Argentine racing driver

Camilo Echevarría (born 31 December 1990) is a racing driver from Argentina. Since 2015, he has competed in Turismo Carretera championship.

==Career==

===Karting===
Born in Neuquén, Echevarría drove in the 60cc class between 1999 and 2001, winning the regional championship in both 1999 and 2000. In 2000, Echevarría made his debut in the WKA Manufacturers' Cup.

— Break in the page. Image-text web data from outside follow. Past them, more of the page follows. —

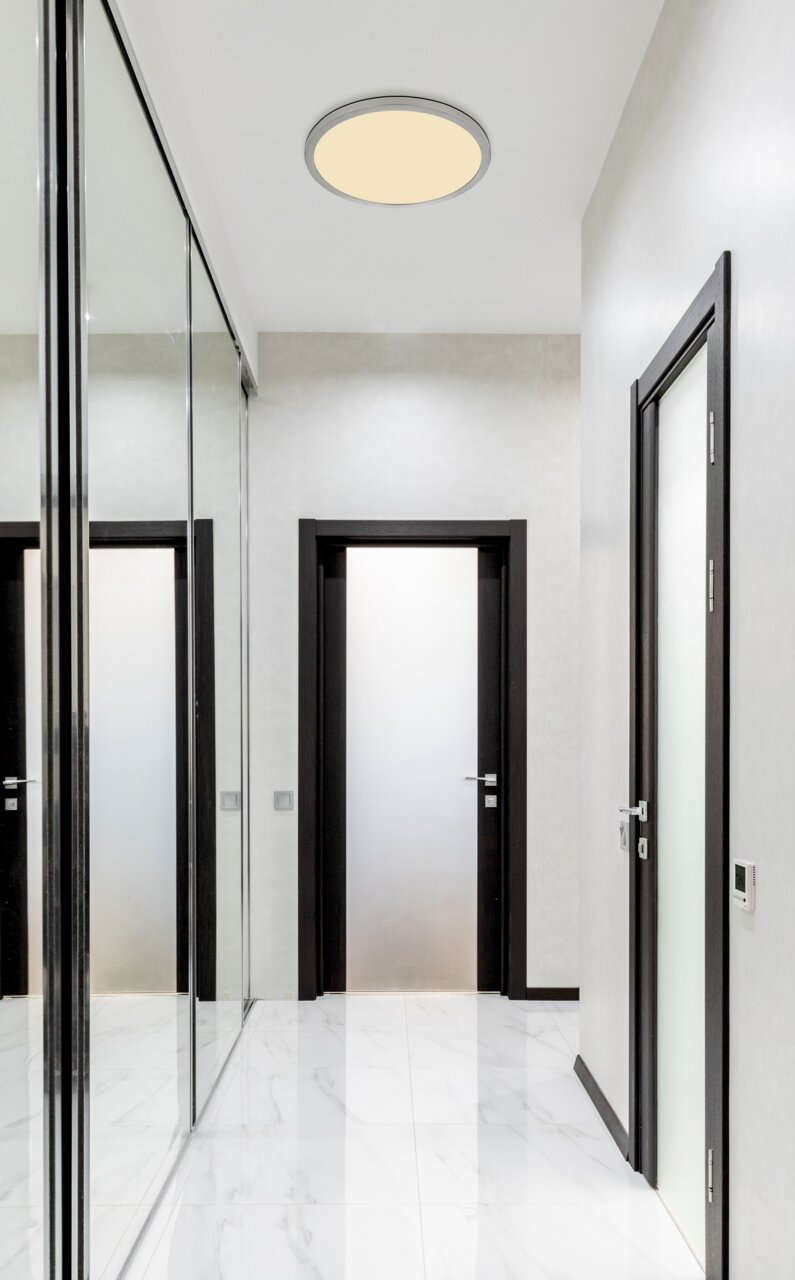 Moderne Deckenleuchte SAPANA in einem eleganten Flur, von unten betrachtet.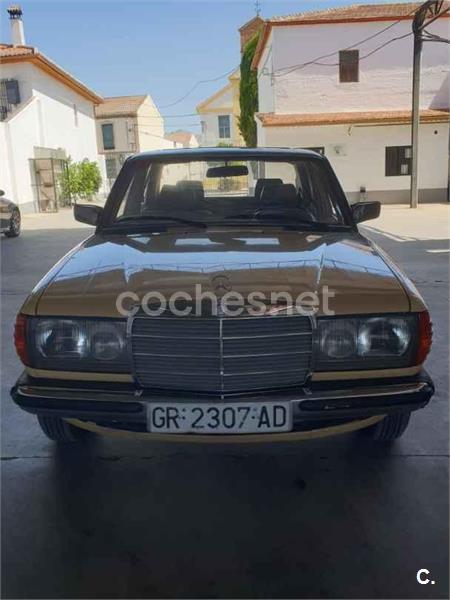 MERCEDES-BENZ 230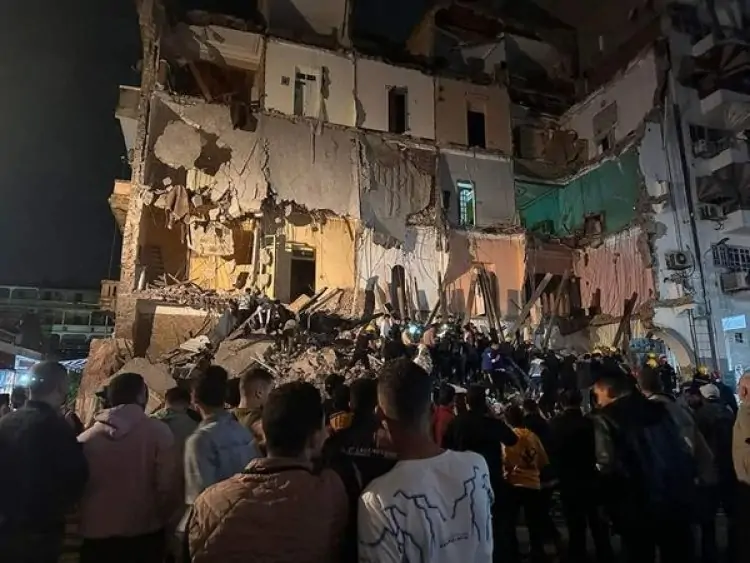 عاجل إنهيار مفاجئ لـ عقار من 5 طوابق وجهود مستمرة لإنقاذ السكان من تحت الأنقاض 4 قوات الإنقاذ
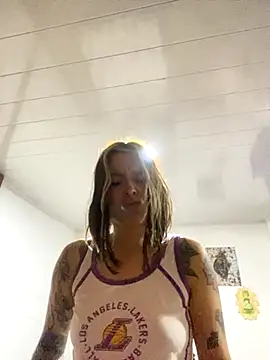 BlueStoneX online show from September 23, 2025, 6:42 am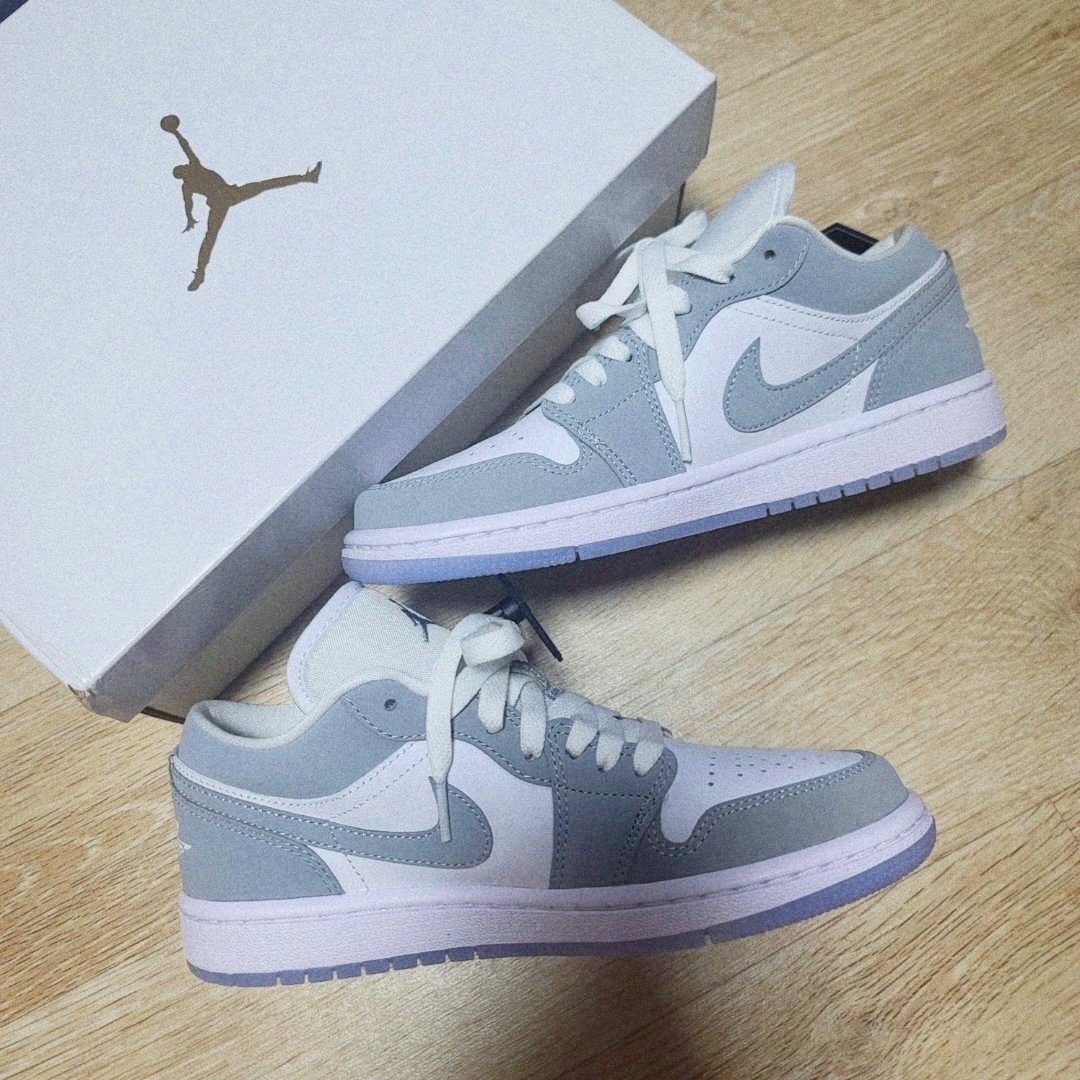 (W) Jordan 1 Low White Wolf Grey 착용 스타일 - 1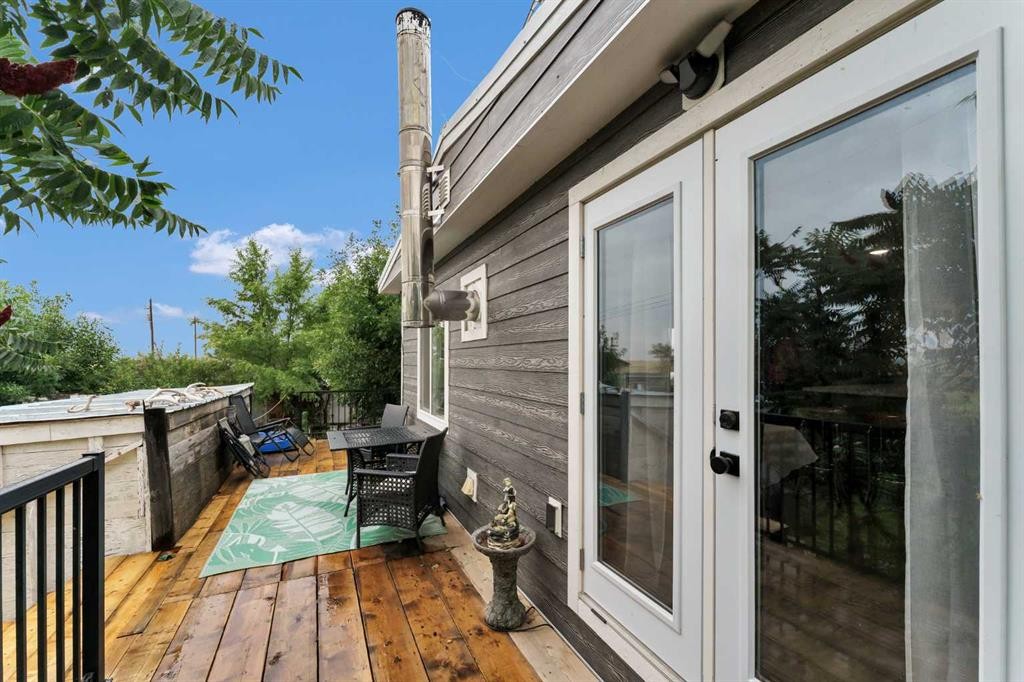 210 Dunbar Avenue West, Bow Island, AB - Outdoor With Deck Patio Veranda With Exterior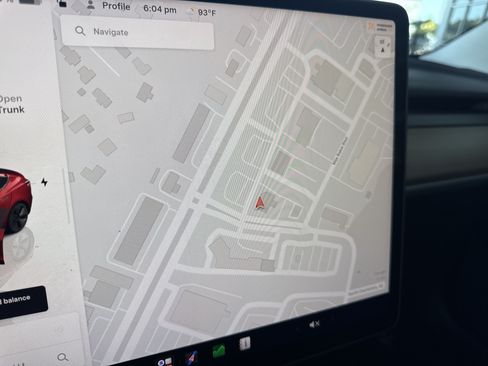 Used 2023 Tesla Model 3 Standard Range RWD image 3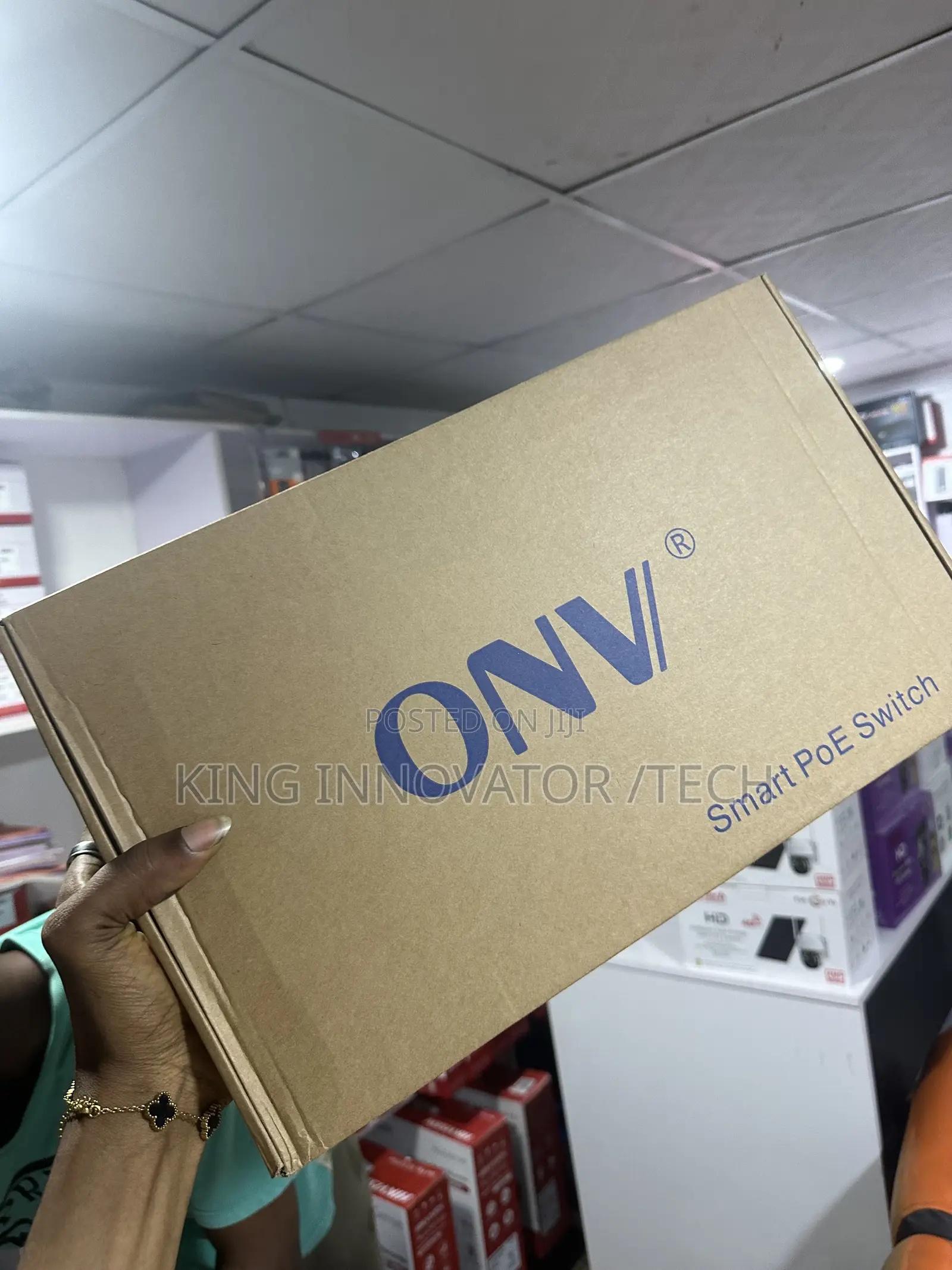 ONV Smart PoE Switch 24 Ports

In 2001, Echevarría won the national 60cc championship in a Parilla powered kart. After his success, Echevarría graduated into the 100cc and 125cc classes; he was runner up in the national championship for 125cc karts in 2003 and 2005.

===Formula racing===
Echevarría made his debut in competitive auto racing in 2007. He drove in the Spanish Formula BMW, the Master Junior Formula. He was selected by the Real Federación Española de Automovilismo and Emilio de Villota out of a group of 145 drivers to race in the class. Echevarría competed in three races, in which he scored one podium finish. In 2008, Echevarría competed in the Formula BMW Talent Cup at Circuit Ricardo Tormo, near Valencia, where he beat George Katsinis for the victory and achieved a new lap record for the Formula BMW class. The following season, Echevarría competed in six races in Formula Renault 1.6 Argentina.

===Touring car racing===
In 2009, Echevarría also made his debut in the Top Race V6 Junior class. He won two out of thirteen races in a Ford Mondeo, and ended up third in the championship. After this success, he graduated into the TC Pista championship, the series inferior to Turismo Carretera. During the season he scored two podium finishes at Autódromo Juan y Oscar Gálvez. Echevarría continued to grow into the TC Pista series, as in 2011, he won his first race in the class and scored a total of five podium finishes to end up third in the standings. He continued to win races in the TC Pista series in 2012 and 2013.

In 2014, Echevarría made his debut in the World Touring Car Championship, replacing Pasquale Di Sabatino at Engstler Motorsport for the Race of Argentina at Autódromo Termas de Río Hondo, as Di Sabatino was only scheduled to drive at the European events. He drove a BMW 320 TC for the team. Echevarria finished seventeenth in race one, equating to third in the TC2 class. During race two, Echevarria finished sixteenth overall, second in TC2.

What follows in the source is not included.